- _Exercise prompt_:
Pictures excluded, reproduce exactly the lines below from the one with "Young Adult Pretty" through the one with "Silla de oficina ergonómica", both included.

(Captioned web images)
>>>

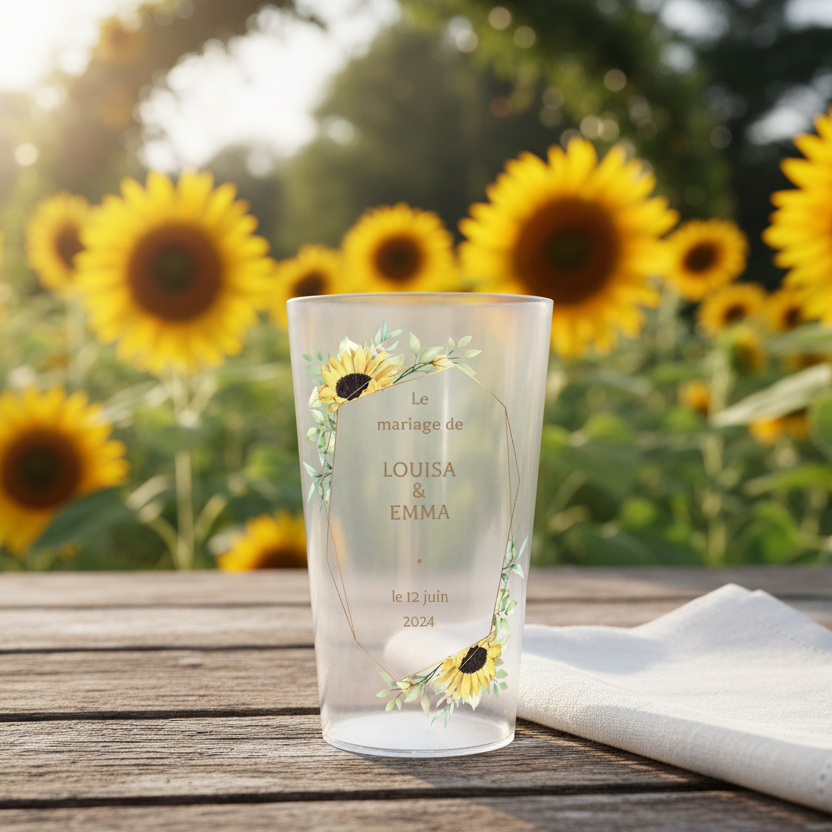 gobelet personnalise mariage tournesol ambiance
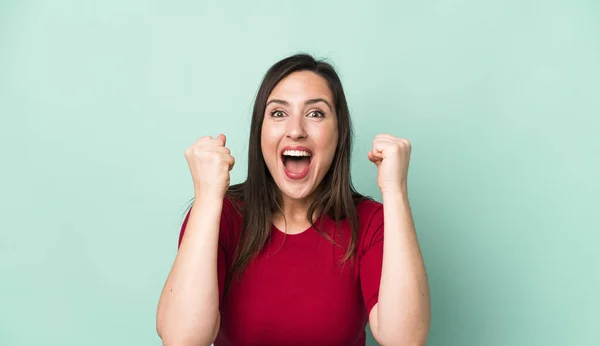 Young Adult Pretty Woman Feeling Happy Surprised Proud Shouting Celebrating — Stockfoto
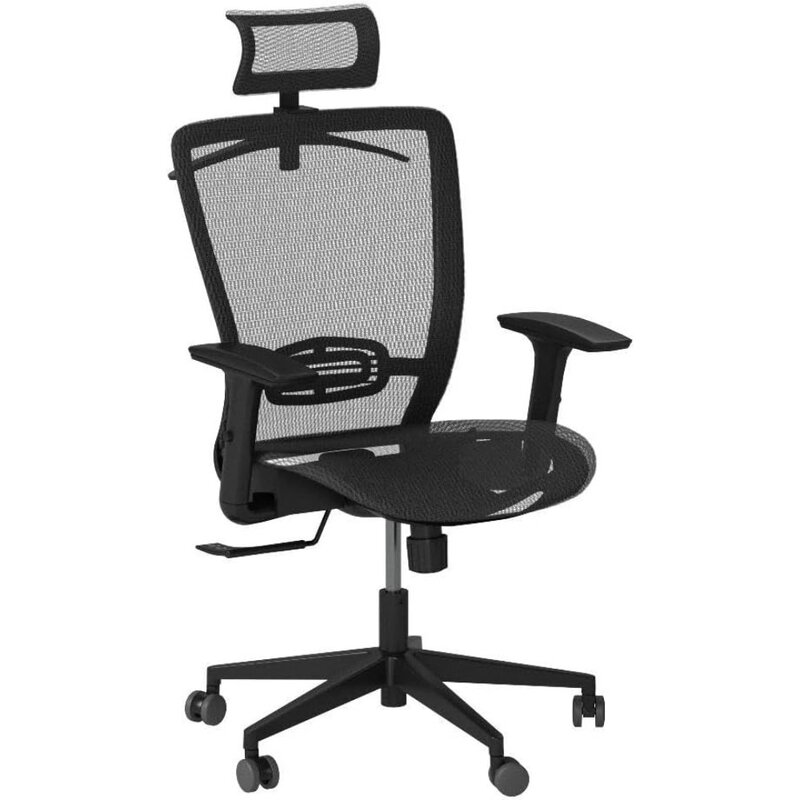 Silla de oficina ergonómica ejecutiva OC3B, asiento de ordenador de malla ajustable en altura con reposacabezas ajustable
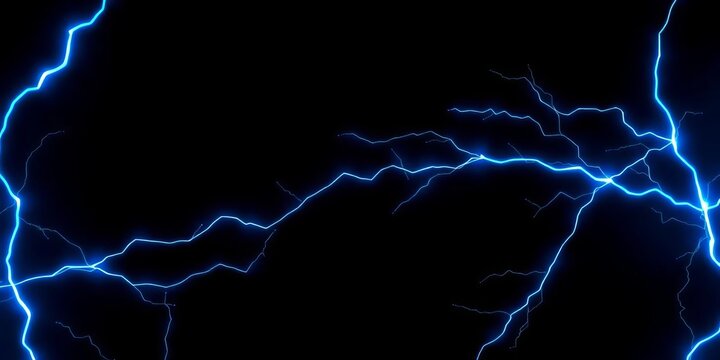 Intricate blue electrical arcs branching across dark background,  mystical,  visual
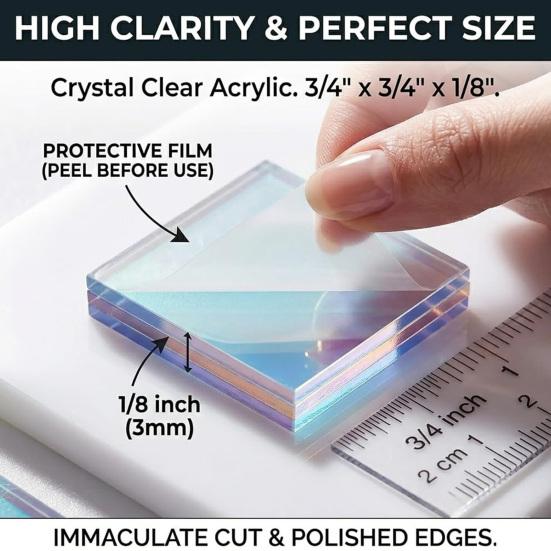 300/500Pcs Mini Iridescent Acrylic Squares, Translucent Holographic Tiles, Rainbow Acrylic Sheets for Mosaic Art, DIY Crafts, Light & Shadow Projects
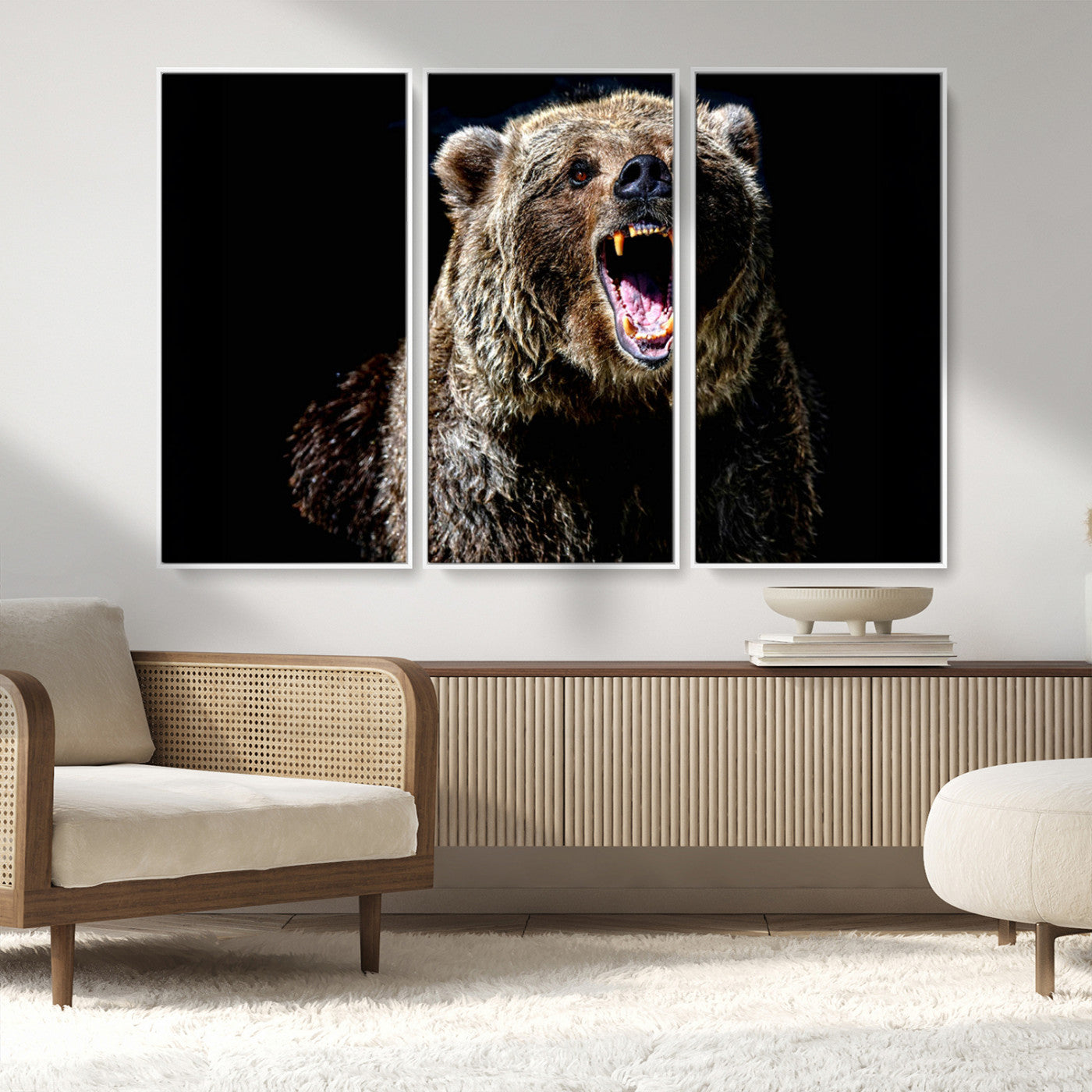 MGV-FC-48X32-3P - Grizzly Bear Canvas Print | Wildlife Wall Art for Cabin Decor | Ready to Hang Framed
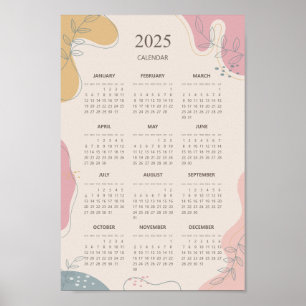 Affiche Calendrier annuel 2025 Abstrait Esthétique Minimal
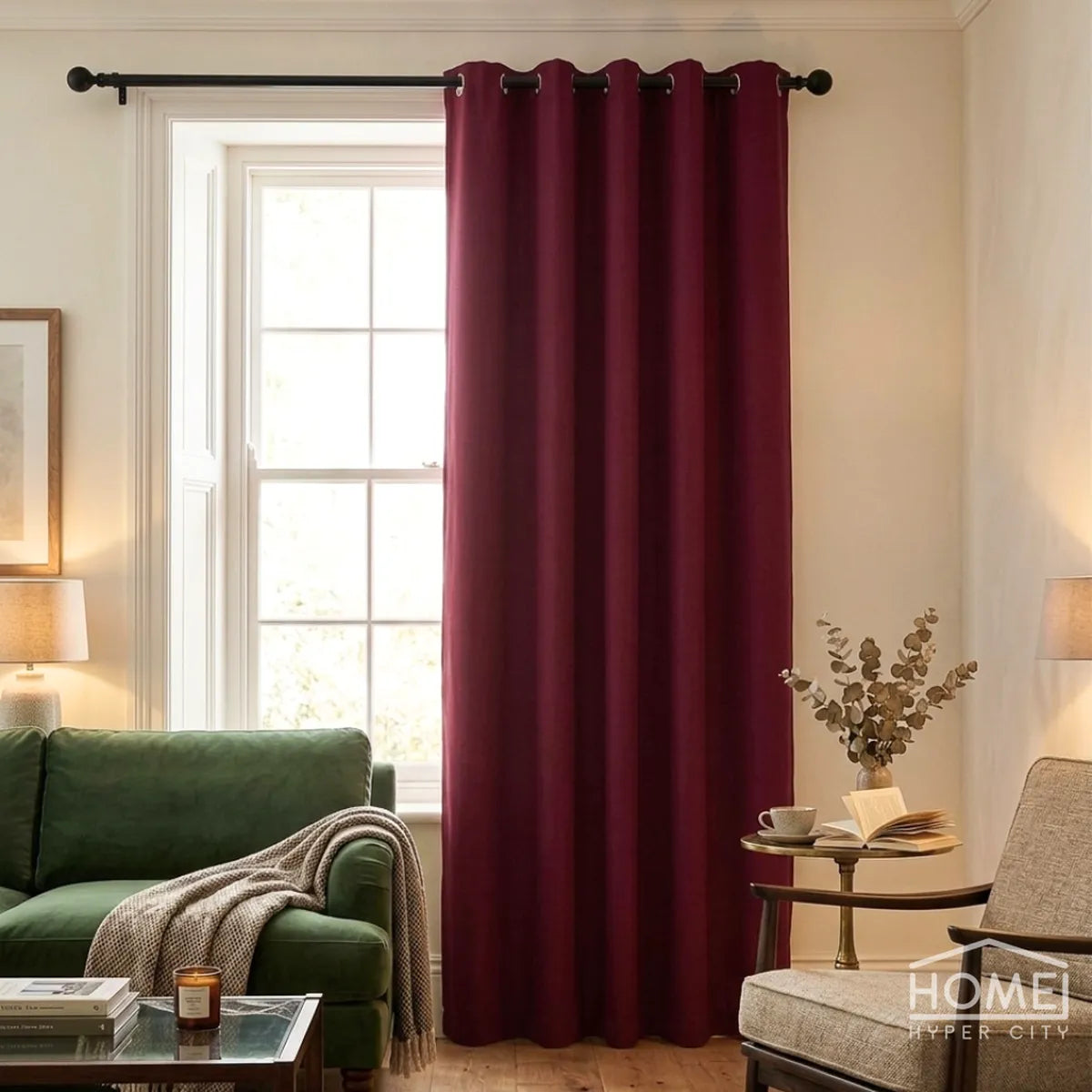 Ready Made Lined Eyelet Curtain — DSN 409 — 230 x 223cm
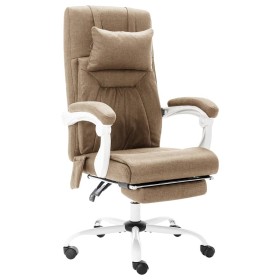 Silla de oficina de masaje de tela gris taupé de vidaXL, Sillas de oficina - Ref: Foro24-20319, Precio: 210,99 €, Descuento: %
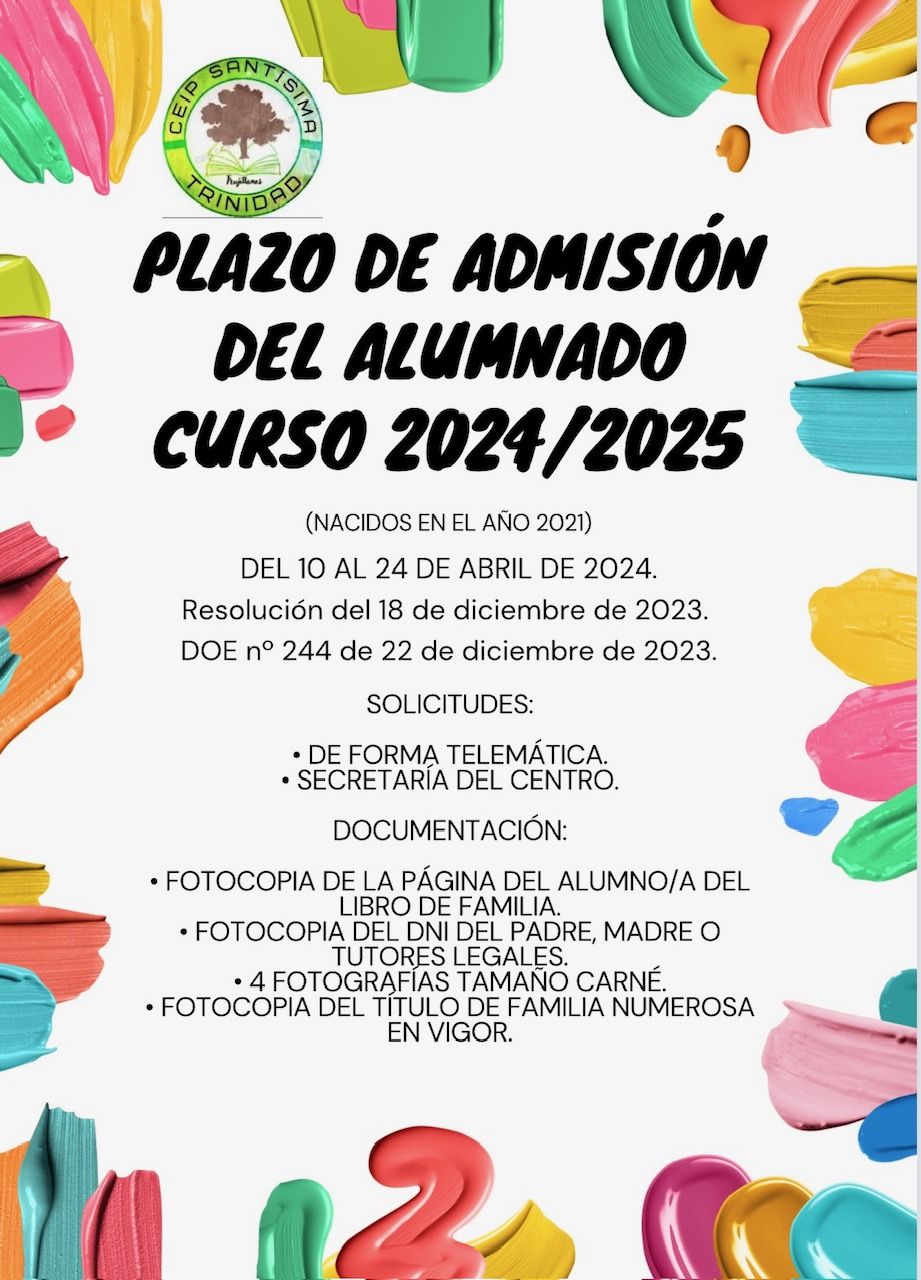 CARTEL ADMISIÓN 2024 2025
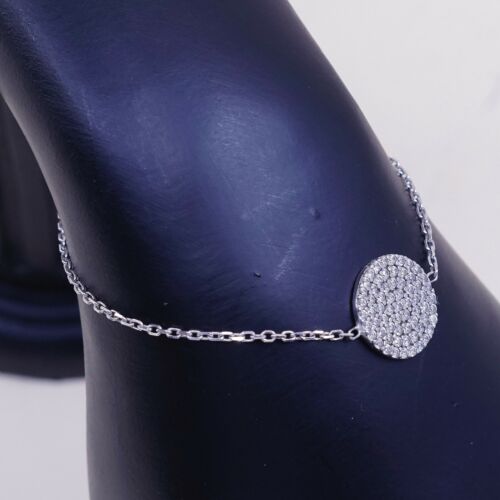7.25” Vtg Sterling Silver Handmade Bracelet, 925 Circle W/ Cluster Cz Charm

<<<

- _Result of this task_:
 Young Adult Pretty Woman Feeling Happy Surprised Proud Shouting Celebrating — Stockfoto
 Silla de oficina ergonómica ejecutiva OC3B, asiento de ordenador de malla ajustable en altura con reposacabezas ajustable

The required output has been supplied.